#### ACTIVITY
Exclude the pictures from your copy, and reproduce each entry below verbatim.

── GIVEN INFORMATION ──

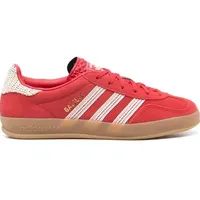 Women's Adidas Trainers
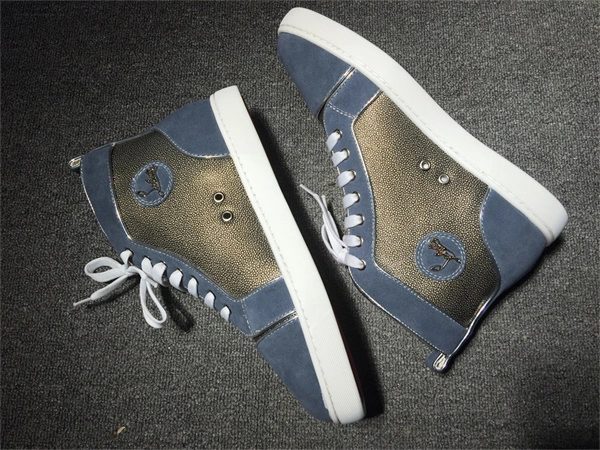 Trendsetting CL 2824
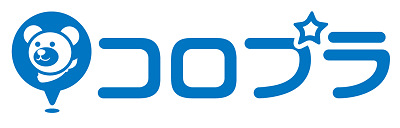 52158Koropura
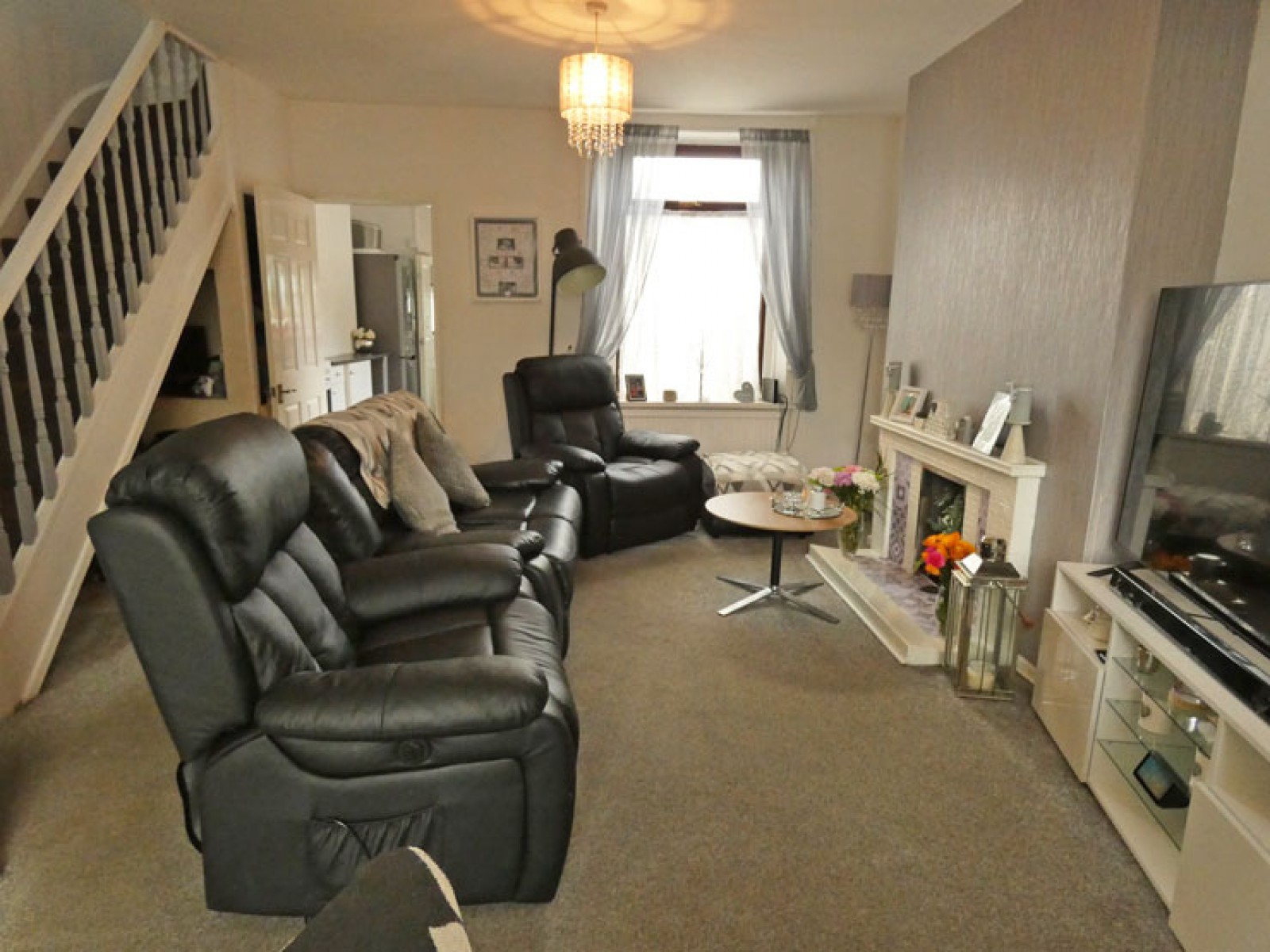 Images for Central Street, Ystrad Mynach, Hengoed, CF82 7EL EAID: BID:Ystrad-mynach-branch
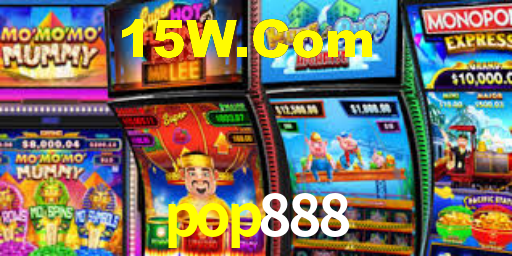 Sinta a adrenalina dos jogos de cassino com pop888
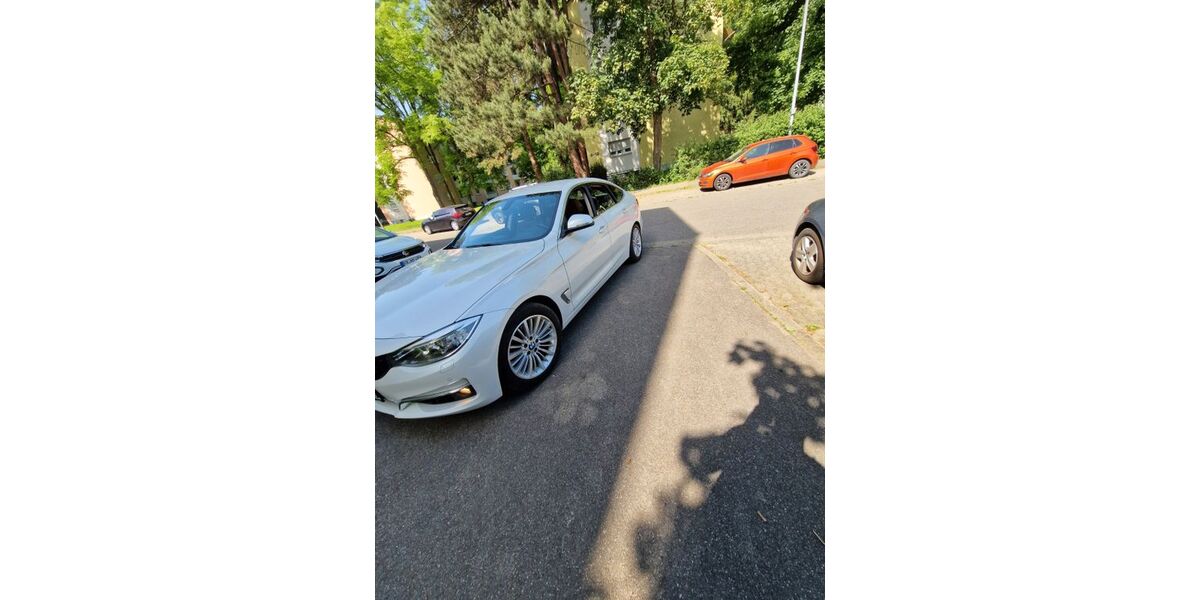 BMW 328 Gran Turismo 135.000 km 14.200 &euro; Heitersheim 79423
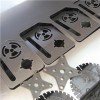 Stainless Laser Cutting Product Product Product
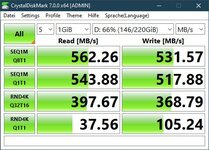 SATA auf 370.JPG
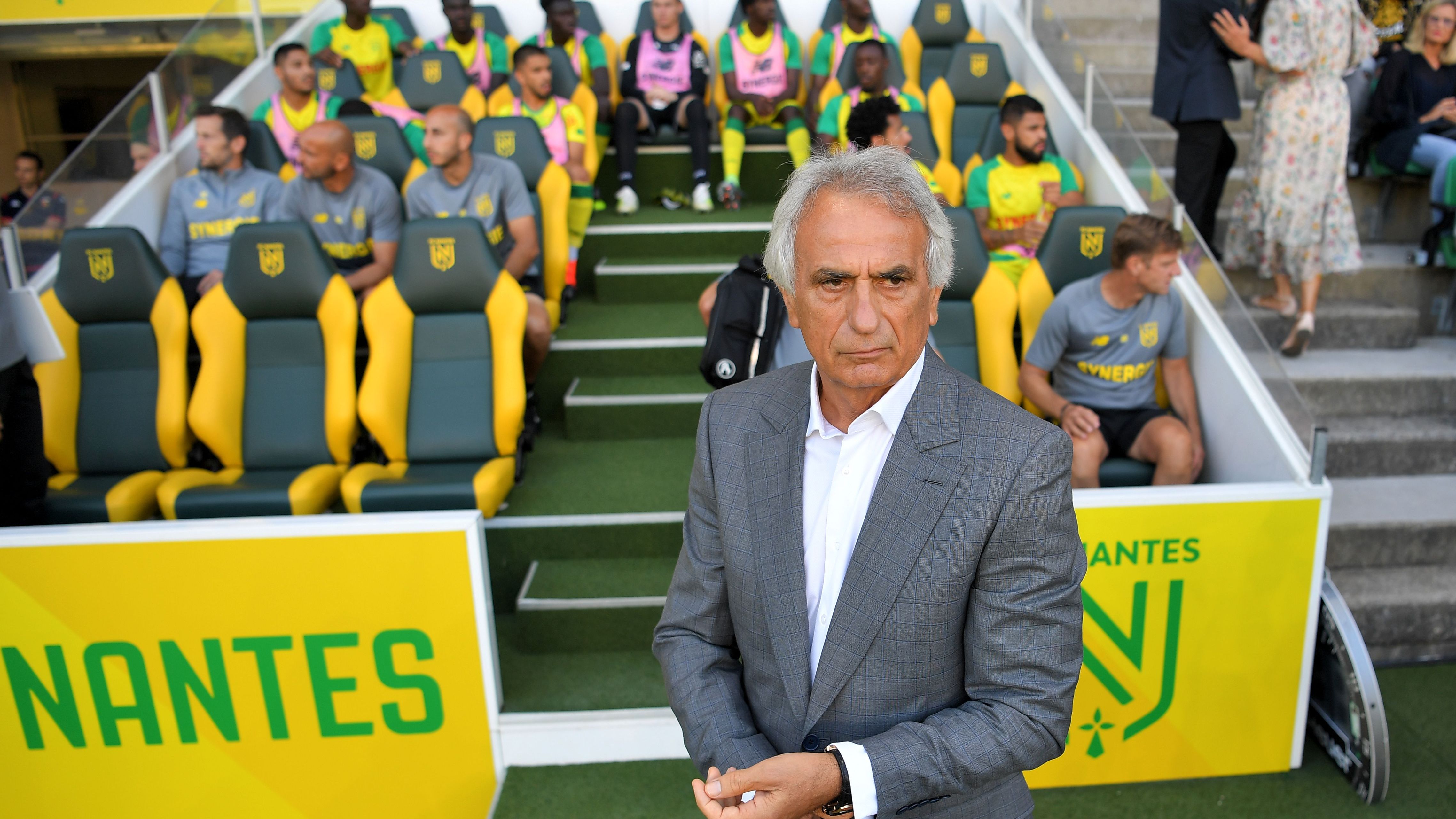 FBL-FRA-ITA-NANTES-GENOA-FRIENDLY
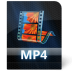 视频转换的MP4 V 安卓版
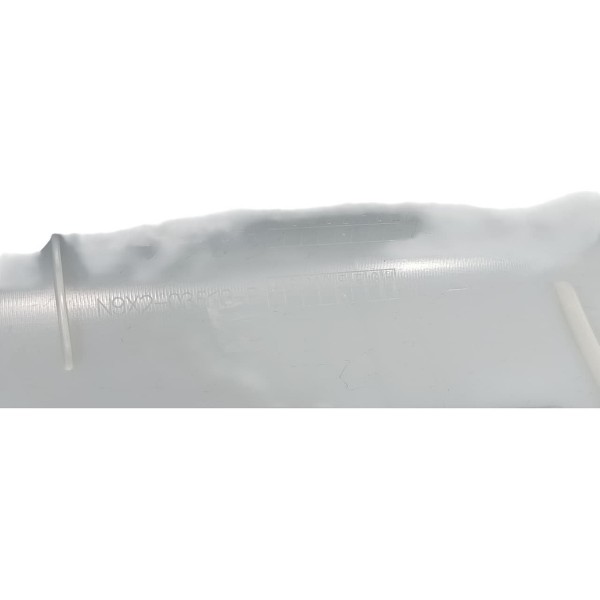 Acabamento Coluna Parabrisa Esq Range Rover Sport 3.0 2024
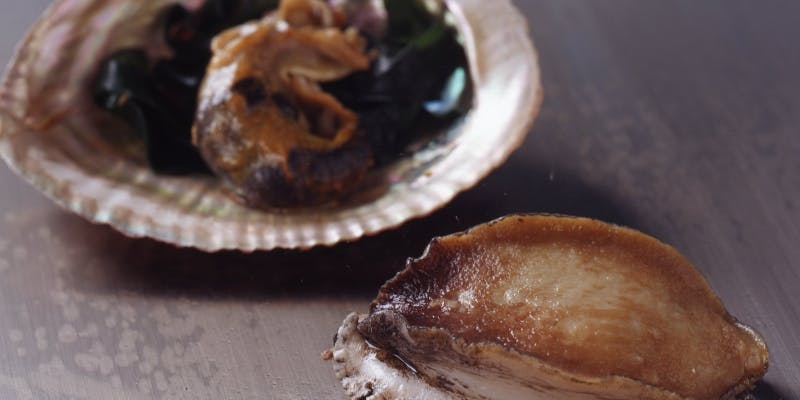 四季彩コース「一休限定1ドリンク付き」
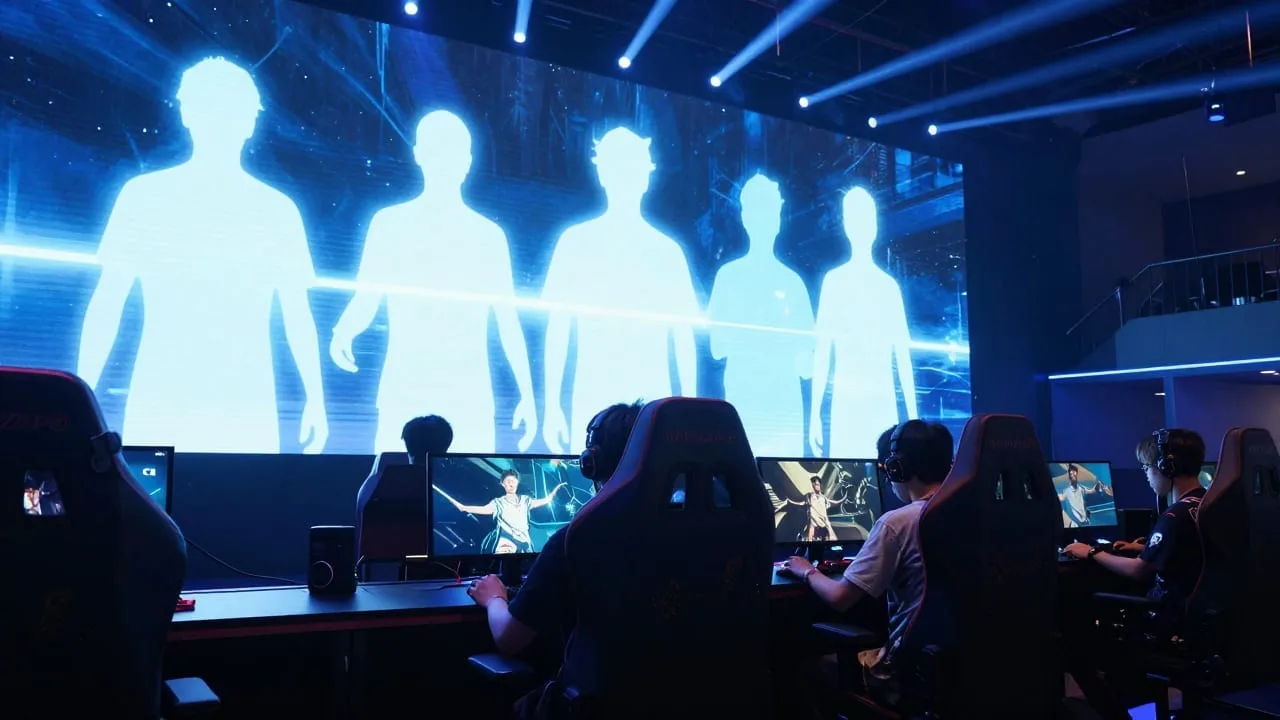 🔥 Сливы результатов Team Liquid: как они катают скеймы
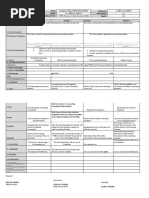 Lanado, Shiela R. DLL Week 8.fabm1.recent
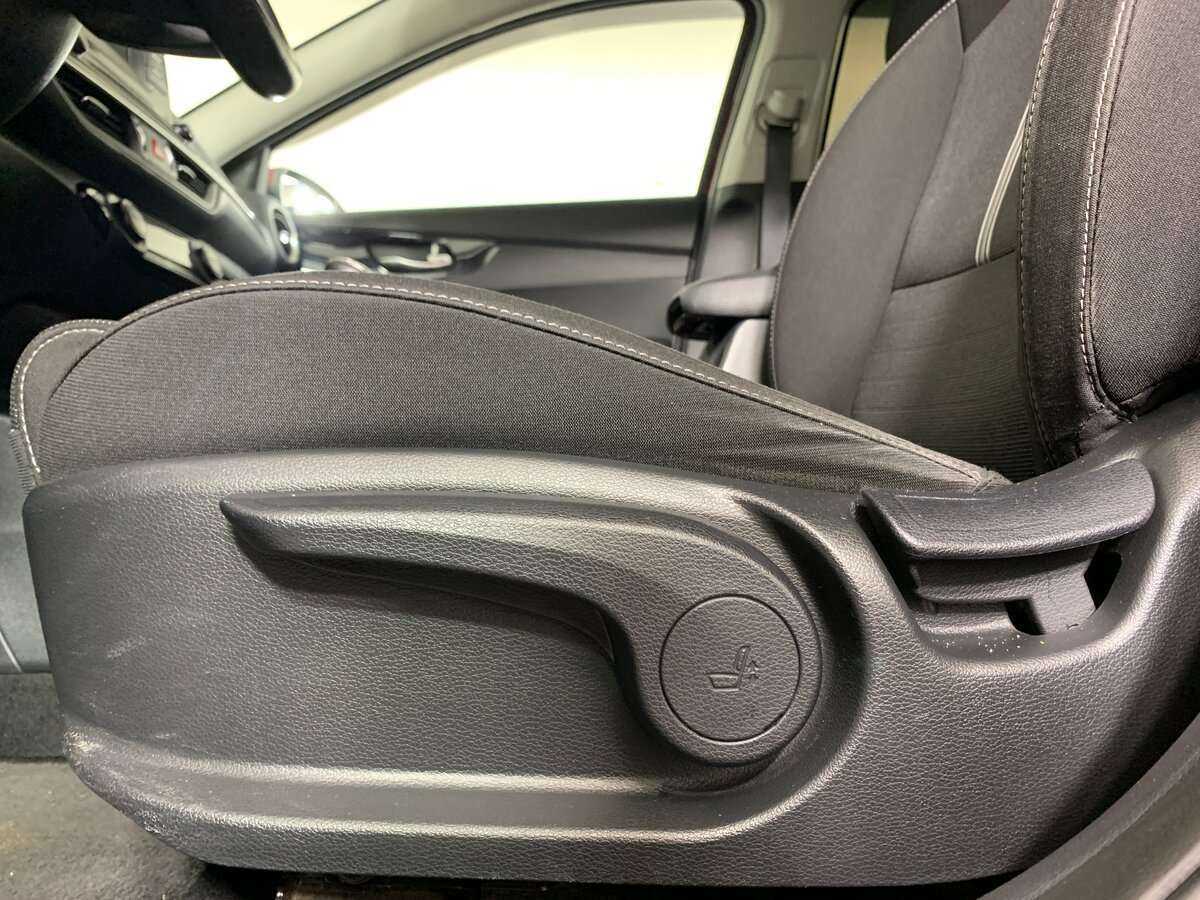 Продажа Б/У Киа Церато. Фото: #13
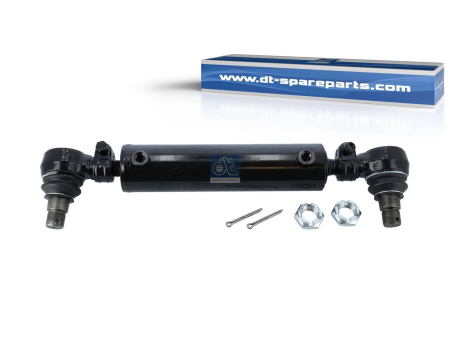 DT STEERING CYLINDER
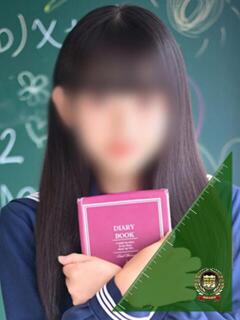まこ☆柔和な美巨〇に翻弄❤ 妹系イメージSOAP萌えフードル学園 大宮本校（大宮/ソープ）
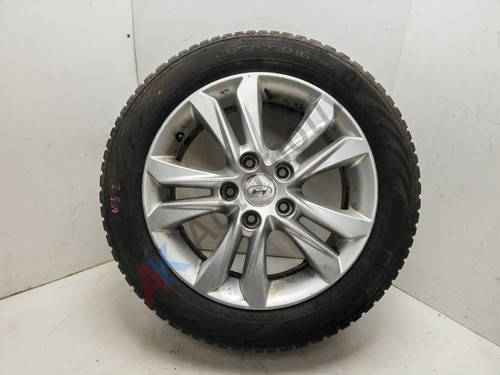 Hyundai i30 mk2 2011 - i30, gd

───

#### FINAL ANSWER
 Women's Adidas Trainers
 Trendsetting CL 2824
 52158Koropura
 Images for Central Street, Ystrad Mynach, Hengoed, CF82 7EL EAID: BID:Ystrad-mynach-branch
 Sinta a adrenalina dos jogos de cassino com pop888
 BMW 328 Gran Turismo 135.000 km 14.200 &euro; Heitersheim 79423
 Stainless Laser Cutting Product Product Product
 SATA auf 370.JPG
 FBL-FRA-ITA-NANTES-GENOA-FRIENDLY
 视频转换的MP4 V 安卓版
 Acabamento Coluna Parabrisa Esq Range Rover Sport 3.0 2024
 四季彩コース「一休限定1ドリンク付き」
 🔥 Сливы результатов Team Liquid: как они катают скеймы
 Lanado, Shiela R. DLL Week 8.fabm1.recent
 Продажа Б/У Киа Церато. Фото: #13
 DT STEERING CYLINDER
まこ☆柔和な美巨〇に翻弄❤ 妹系イメージSOAP萌えフードル学園 大宮本校（大宮/ソープ）
 Hyundai i30 mk2 2011 - i30, gd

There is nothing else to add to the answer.